A /. post today talked about some group from Sri Lanka that tried to measure the 'improvements' from a refactoring project, and noted that a refactoring

  • doesn't make it faster
  • doesn't necessarily reduce lines of code (like that matters)
  • doesn't necessarily reduce resource usage


  • it might improve code maintainability


  • might not improve readability or ease of ability to change

to which I say, "duh?!?!?!".

Proponents of refactoring have never ever said otherwise (unless they themselves are confused on the matter). Code is only readable if it is either simple, or clearly follows design patterns, or is clearly commented and the comments are up to date with the current version of the code. Code is only easy to change when it is readable and when all external dependencies are well known. That last part is a key thing that metrics aren't necessarily able to capture.

A refactoring project, if not refactoring to the right design patterns to address what was wrong with the structure in the first place, is not going to improve it. One must know clearly why the current structure is making a bug-fix or a new feature difficult to implement.

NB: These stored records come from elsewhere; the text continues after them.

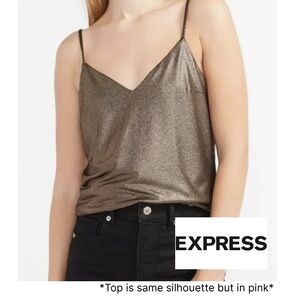 Express Pink Shimmer Metallic Cami Tank Top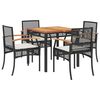 vidaXL Garden Dining Set Black PE rattan Medium Removable Covers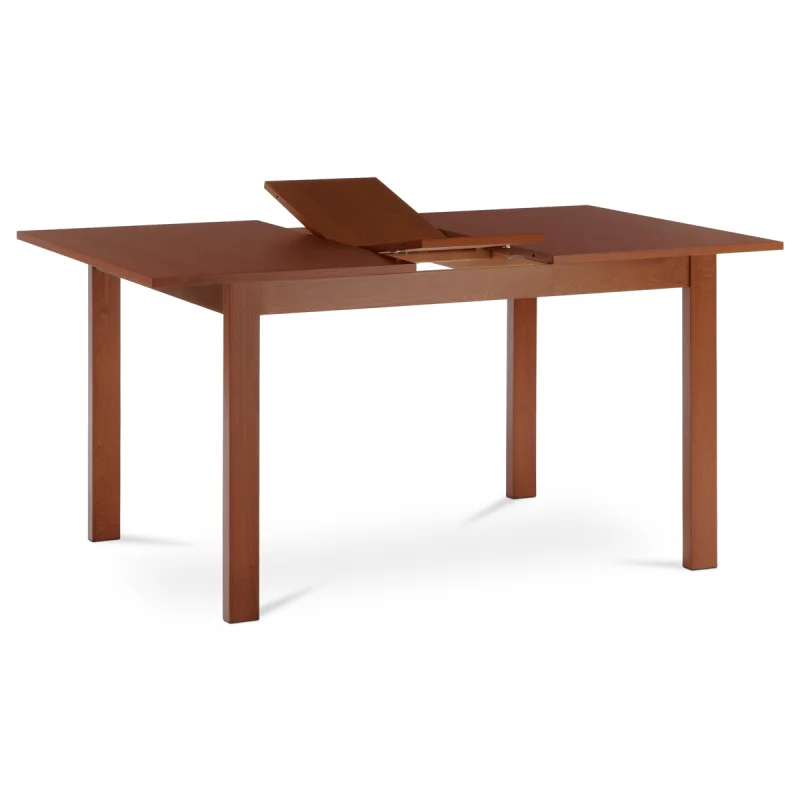 Jídelní stůl rozkládací 120+30x80x74 cm, deska MDF, dýha, nohy masiv, tm. třešeň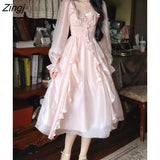 Autumn Vintage Party Midi Dress Women Pink Fairy Korean Style Sweet Dress Female Bubble Sleeve Elegant Evening Party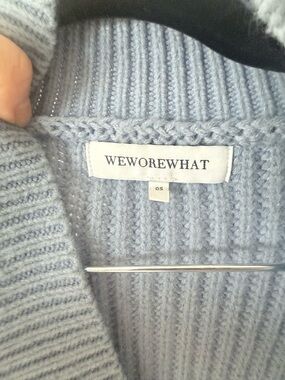WeWoreWhat Light Blue Ribbed Knit Cardigan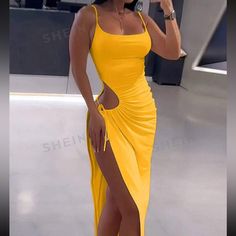 Brand New Still In The Packaging, Yellow Dress With Side Split. High Stretch, Slim Fit, 95% Polyester, 5% Elastane Fitted Maxi Dress With Drawstring, Yellow Floral Summer Dress, Blue Velvet Dress, Purple Floral Dress, Plus Size Bodycon, Flower Yellow, Sequin Bodycon Dress, Shein Dress, Strapless Midi Dress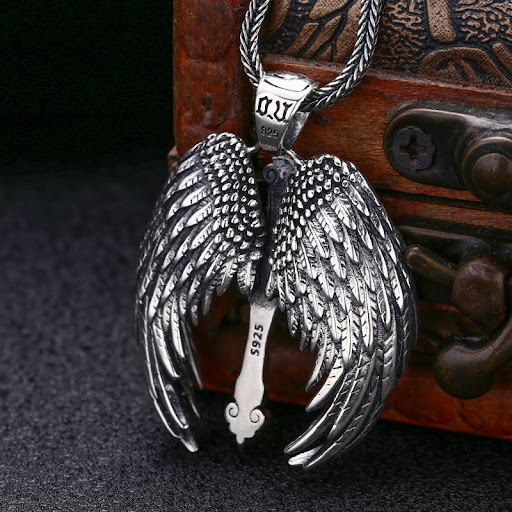 Title 2, 925 Sterling Silver Wings Cross Pendant, a Symb...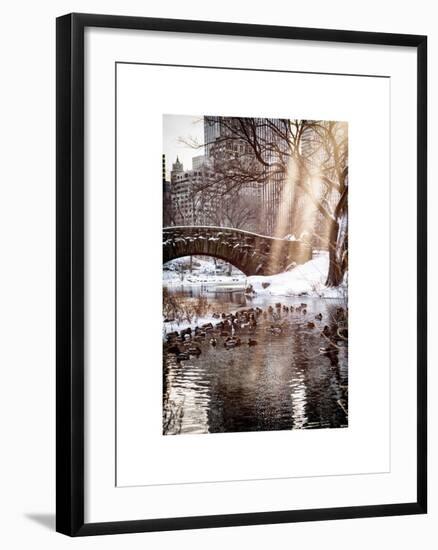 Instants of NY Series - the Gapstow Bridge of Central Park in Winter, Manhattan in New York City-Philippe Hugonnard-Framed Art Print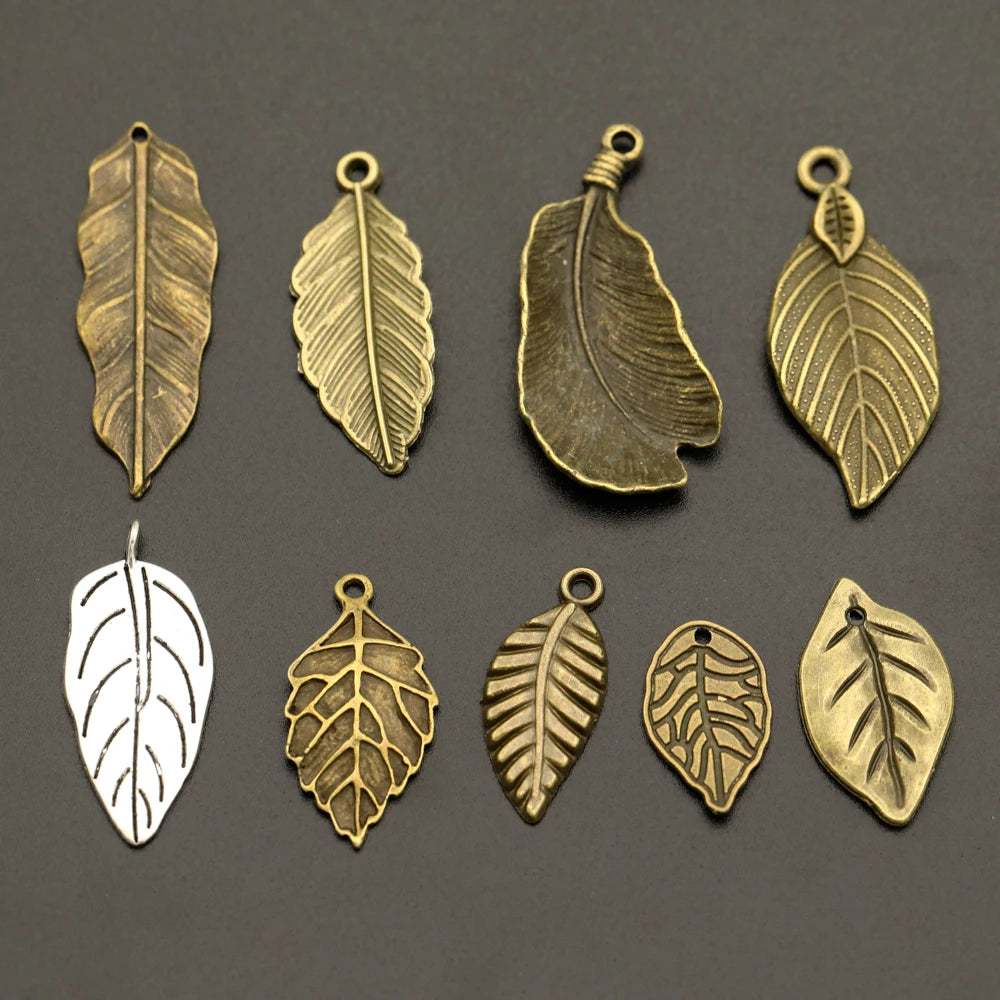 10er Set Antik Bronze Silber Blattform Anhänger für DIY Schmuck Basteln
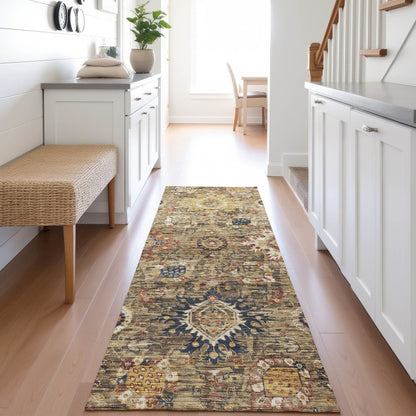 Indoor/Outdoor Silk Road Clove 2'3" x 7'6" Runner Rug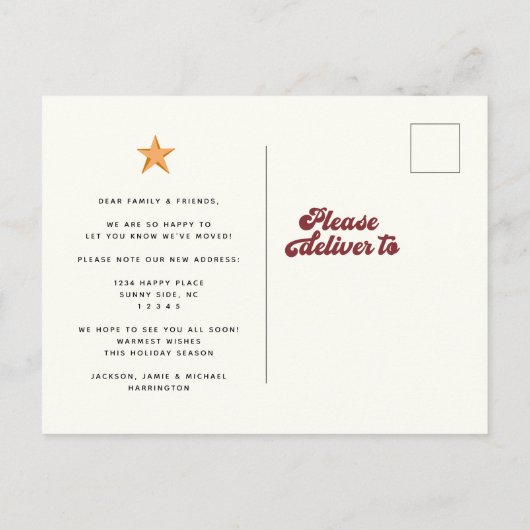 Moderne Kerstboom Vakantie Verhuisbericht Aankondigingskaart (Achterkant)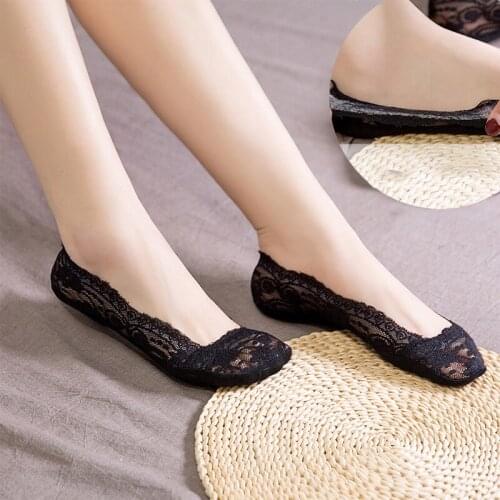 5 Pairs Women Socks Lace Rubber Dot Non-slip Socks Fashion Socks For Women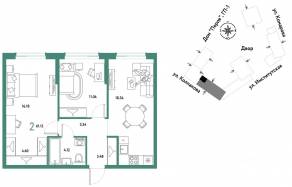 ЖК «Страна.Парковая», планировка 2-комнатной квартиры, 61.12 м²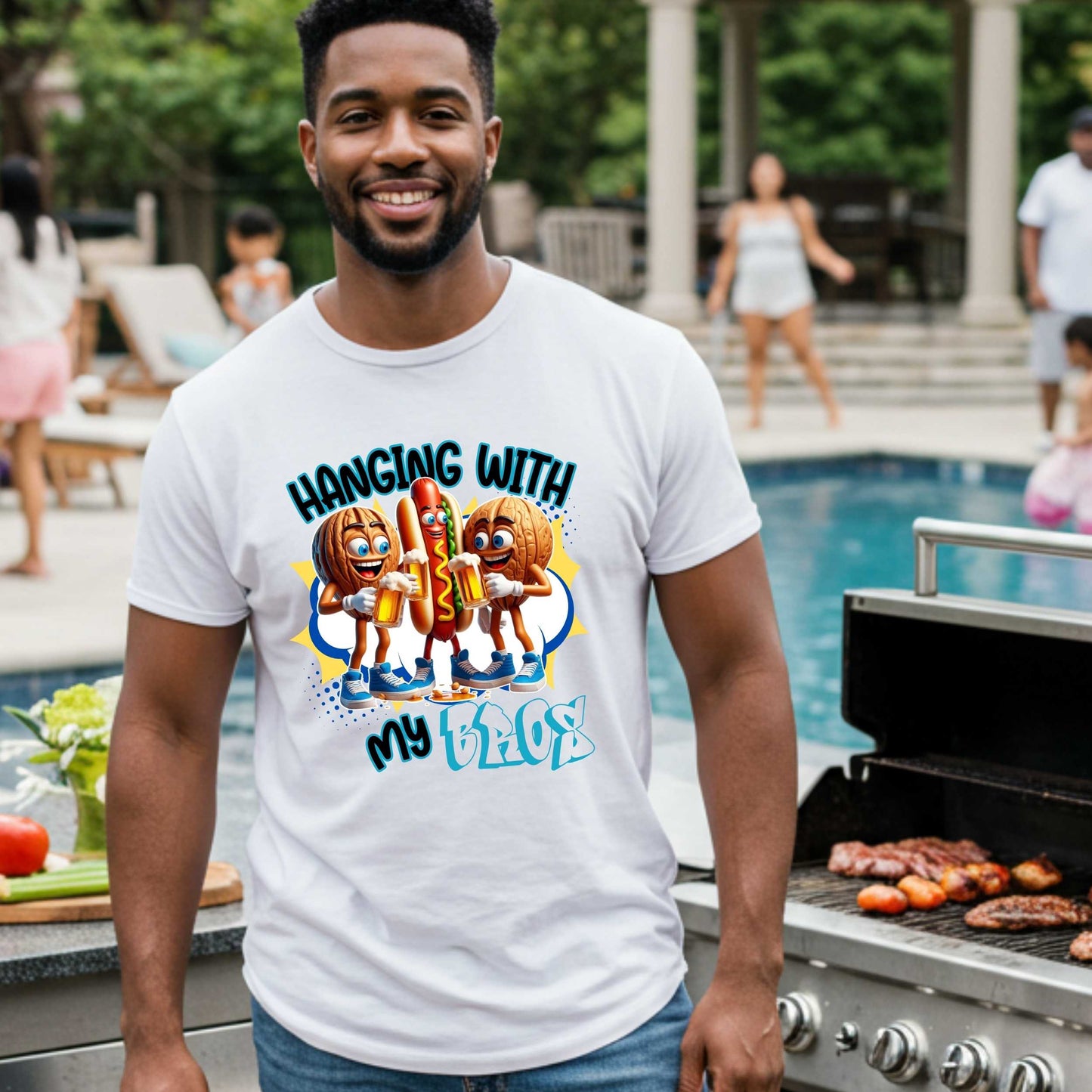 Grilling Funny Sarcastic Two Nuts One Wiener BBQ Graphic Tee, Hanging with My Bros Shirt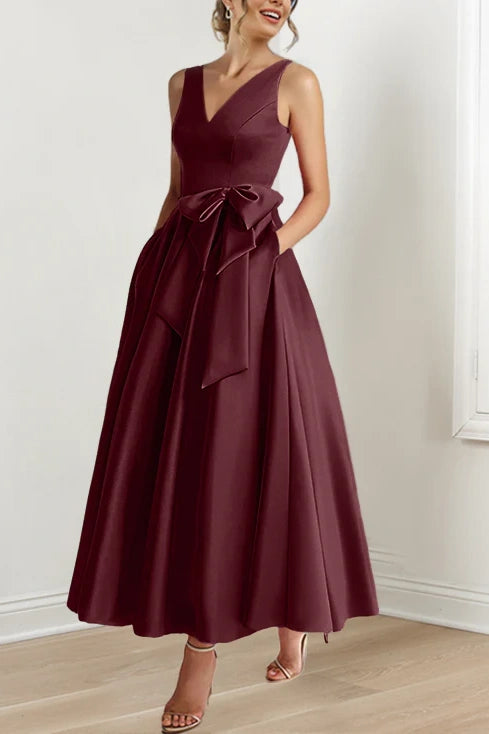 Classic Satin A-Line V-Neck Mother Of The Bride Dress With Bow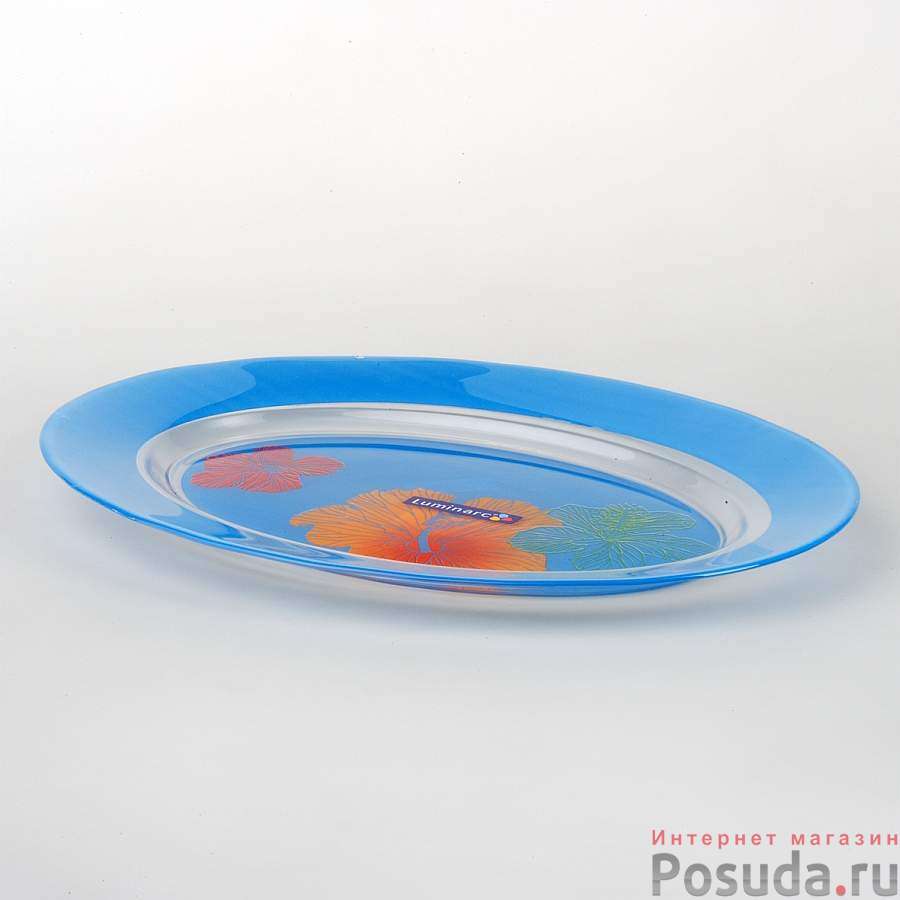 Блюдо овальное Luminarc Carine Hibiscus Blue, длина 35 см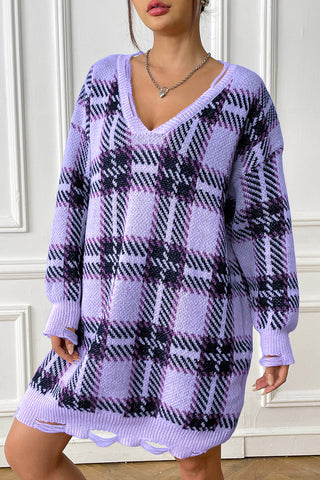 Shop Plaid V-Neck Long Sleeve Sweater Dress - High-Quality U.S. Made Women’s Fashion with Free Fast Shipping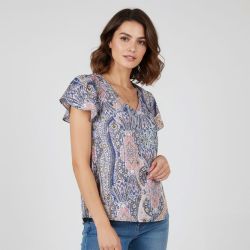 Blouse manches à volants motif cachemire col v Femme DEELUXE 74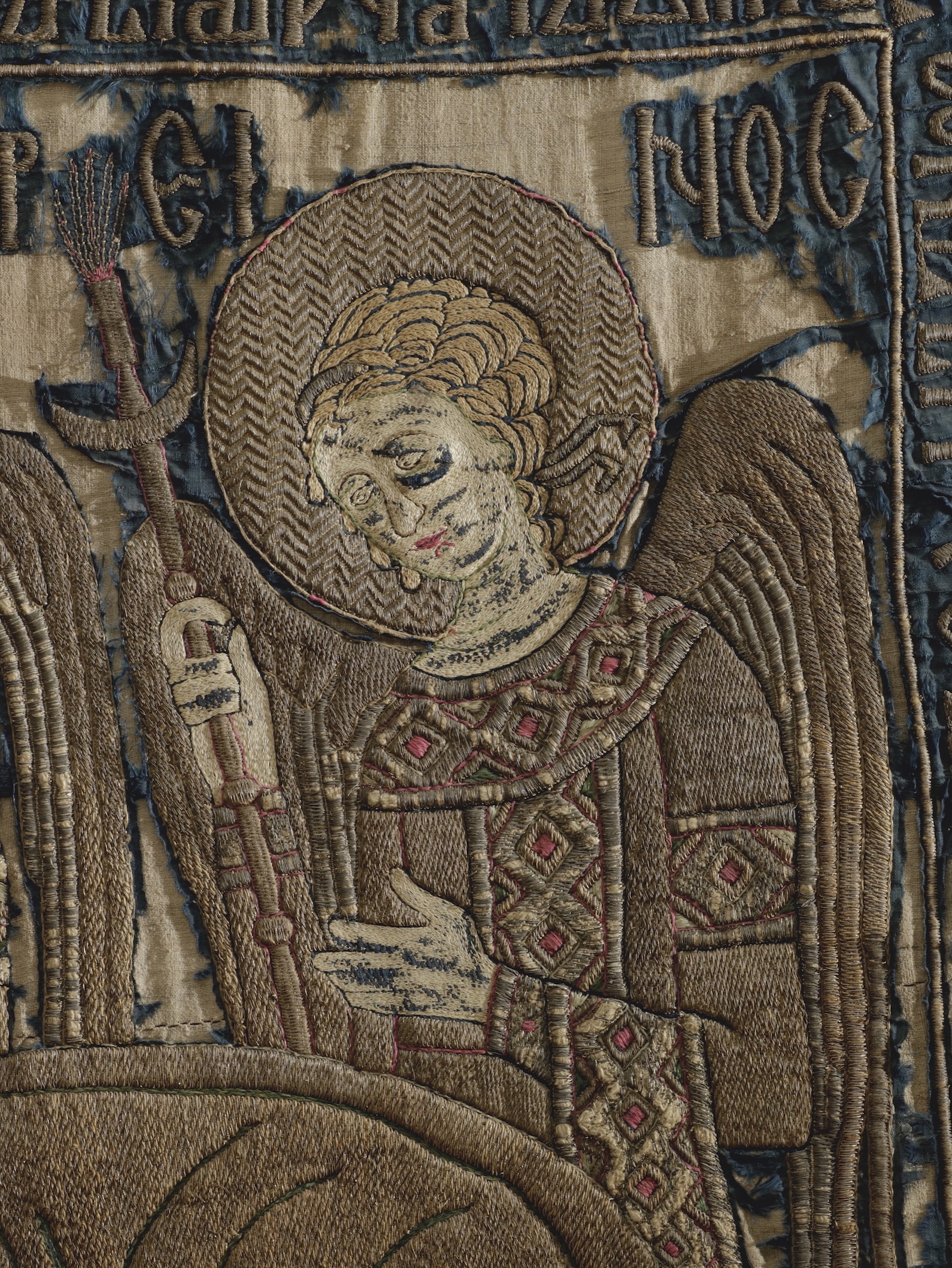Detail of epitaphios, 1396, embroidery, Cozia Monastery, Romania, now in the National Museum of Art of Romania (MNAR), Bucharest (source: MNAR)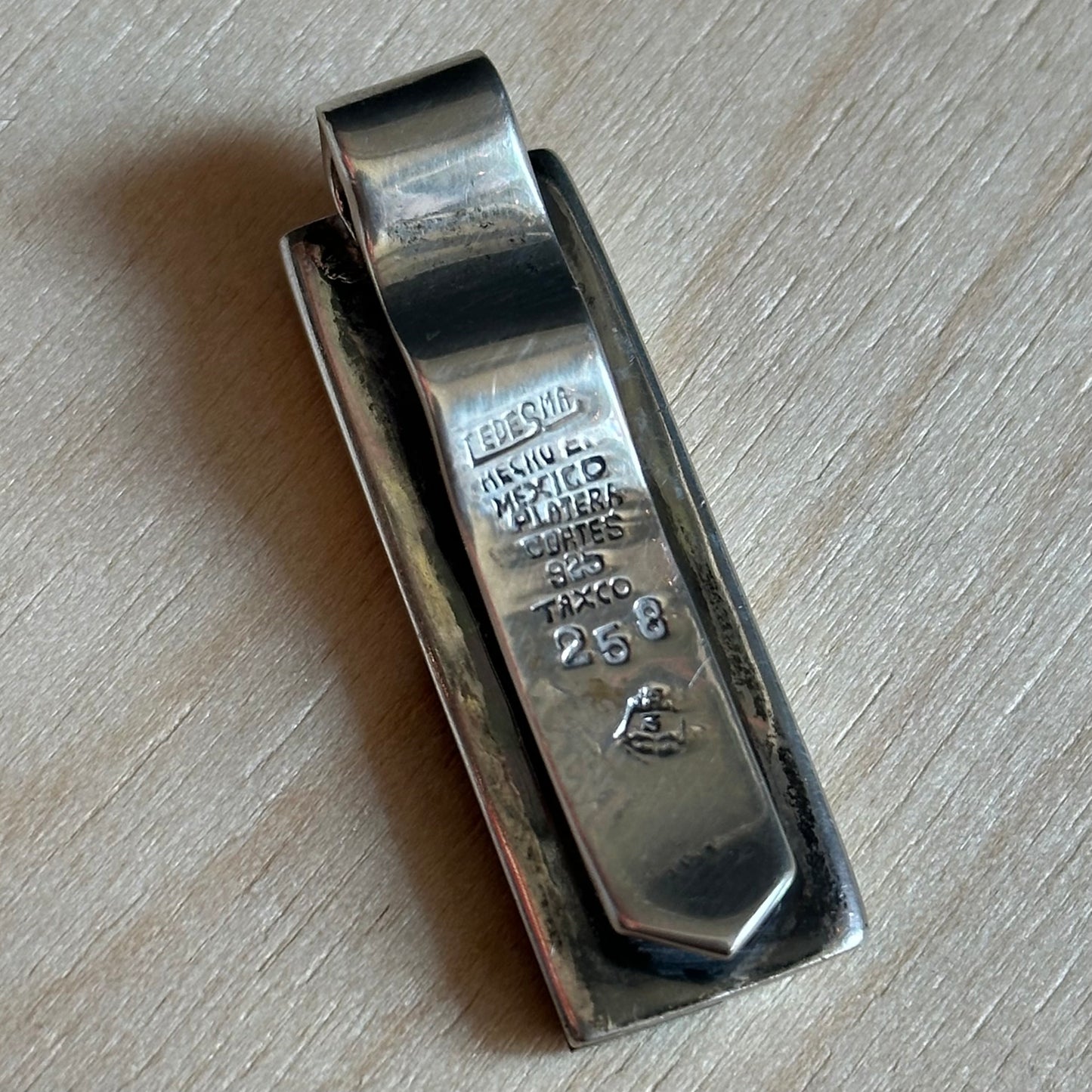 Vintage Enrique Ledesma Taxco Silver & Obsidian Money Clip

And while some refactorings are 'good' in that they reduce a lot of copy-paste code, others are good because they add code, or add classes (an alternative increase in complexity). Different refactorings have different effects, and are used in different situations.

And as always, if you don't need to refactor, don't. A refactoring is to improve the design, not to rewrite for its own sake.

And there-in lies the great flaw of the whole idea of such a study: you can't measure the quality of a software design. Some things you just have to judge for yourself, based on experience and attention, and no arbitrary metrics number will ever differentiate between a good design and a rubbish heap.

Disclaimer: I hate software metrics.